Of course, Maersk has been in parts of the logistics business for many years.

Maersk's APM Terminals division runs operations in 76 ports in more than 100 inland cargo-handling locations around the world. In North America, Maersk and its freight forwarding division Damco manage some 20 distribution centers across the US.

But those numbers pale in comparison to now rival logistics companies, which have hundreds or even more than 1000 DCs globally.

And while the third-party logistics market has not exactly been known for high margins, it is still showing mostly strong growth, as companies outsource more of their logistics operations over time.

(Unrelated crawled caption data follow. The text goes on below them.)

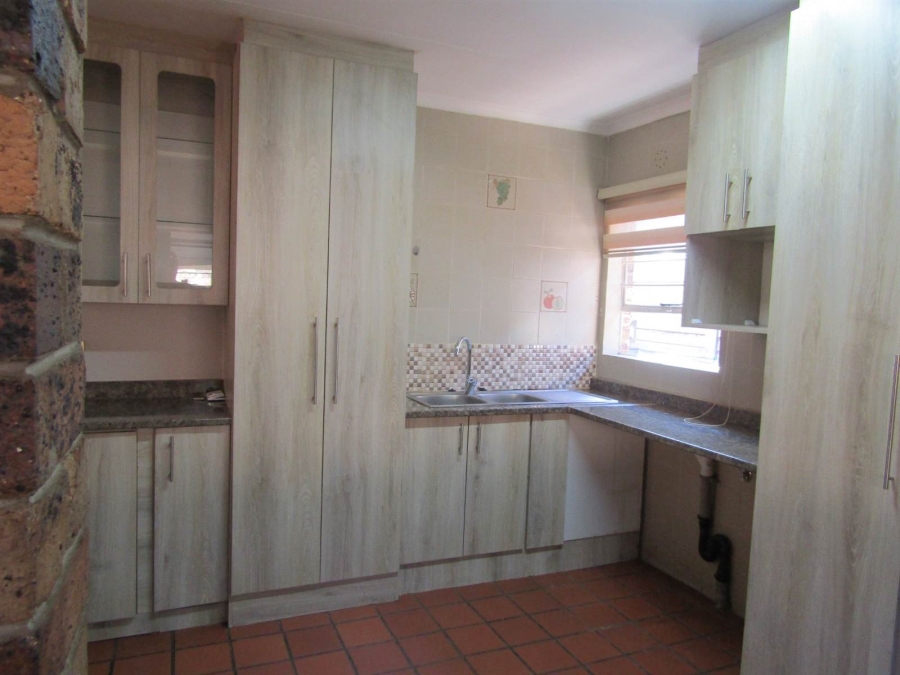 3 Bedroom Property for Sale in Breaunanda Gauteng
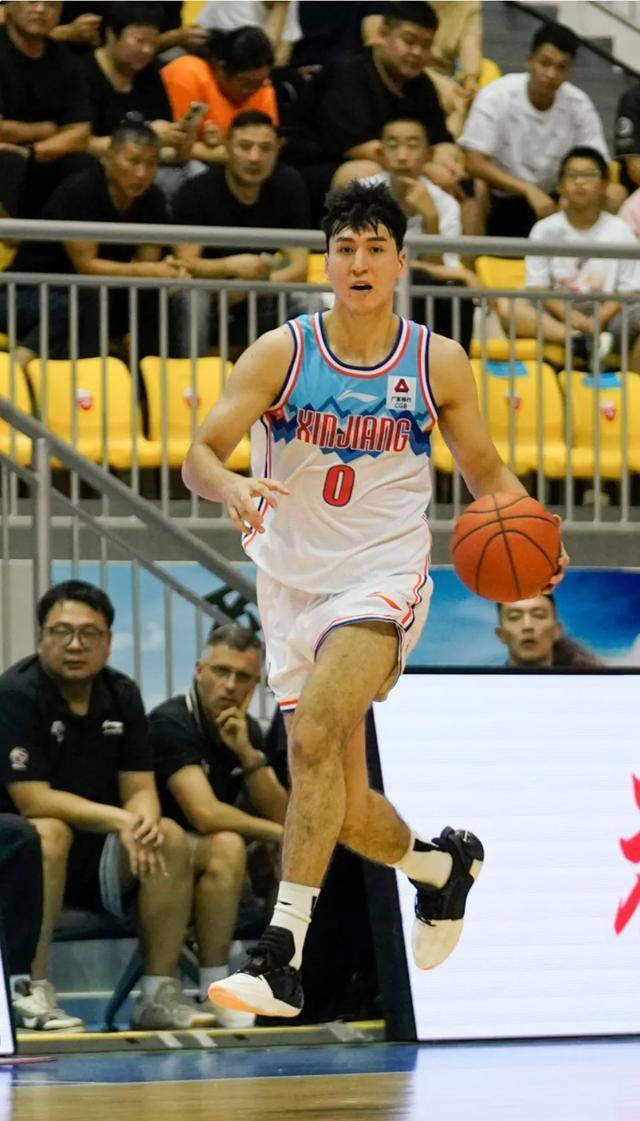 CBA新疆队休赛期最大收获是什么？这个休赛期，新疆男篮低调蓄力、全方位补强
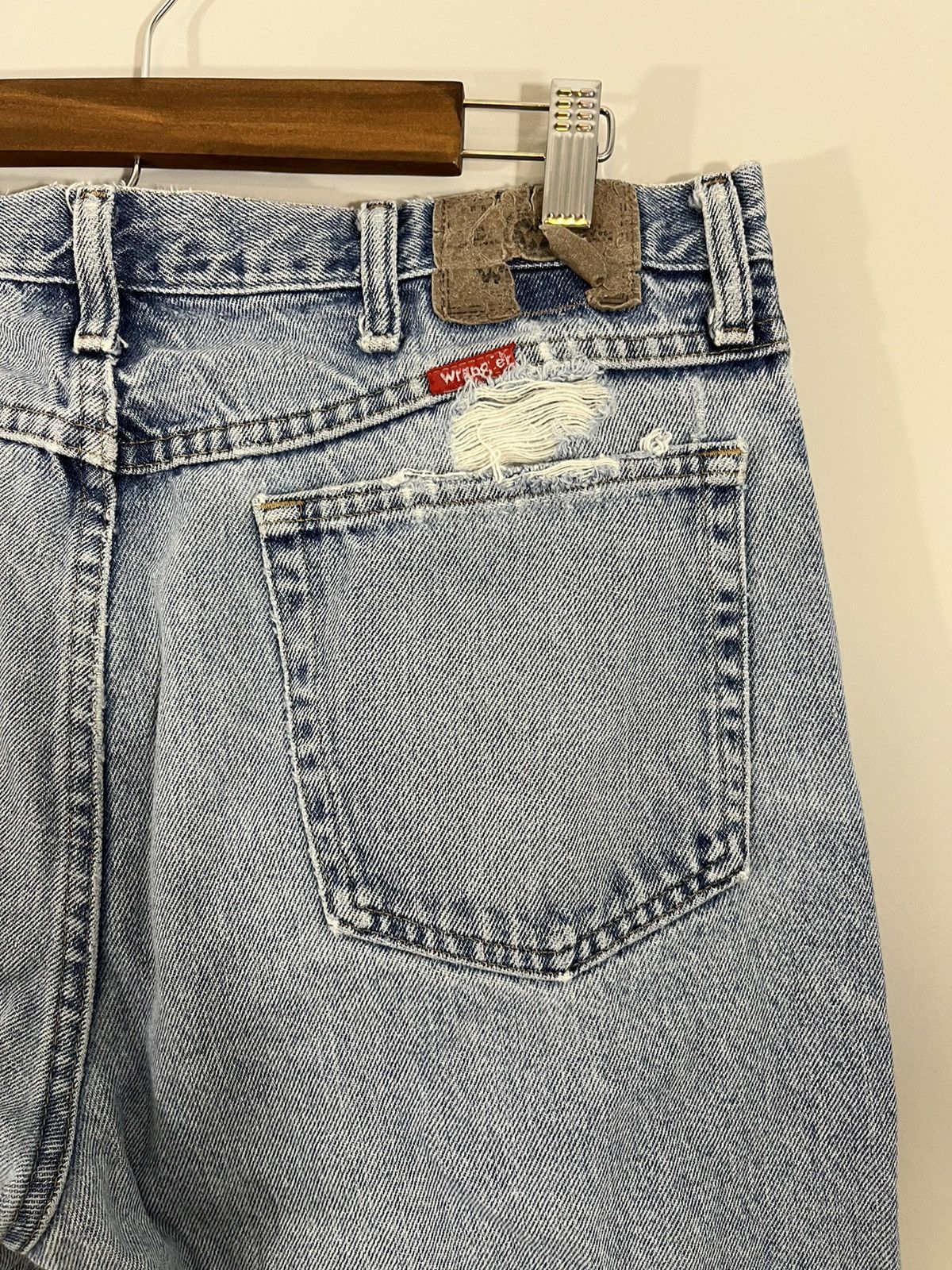 Vintage Thrashed Perfect Fade Light Wash Jeans Size US 36 / EU 52 - 15 Thumbnail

"We want to do that. We want to run the warehouse, receive the goods, stuff it into containers, ship it to the U.S. and provide a data feed that says the yellow swim trunks are in that box," Skou also told the Journal. "Then we take it out of the containers," and send the goods by trucks to distribution centers closer to the final delivery point.

Skou added the company is planning for growth in logistics services for the global automotive and chemical sectors, for which Maersk would run the process from customs clearance to distribution center deliveries.

However, SKU said it isn't looking to invest in trucking capabilities. But it does plan on a series of acquisitions to power its transformation.

For example, Maersk acquired customs house brokerage Vandegrift Forwarding Co. earlier this year. There may be other moves soon. Skou says he plans to complete the transformation by the end of 2021.

Whatever comes out in the end, it simply won't be your Dad's Maersk Line any more.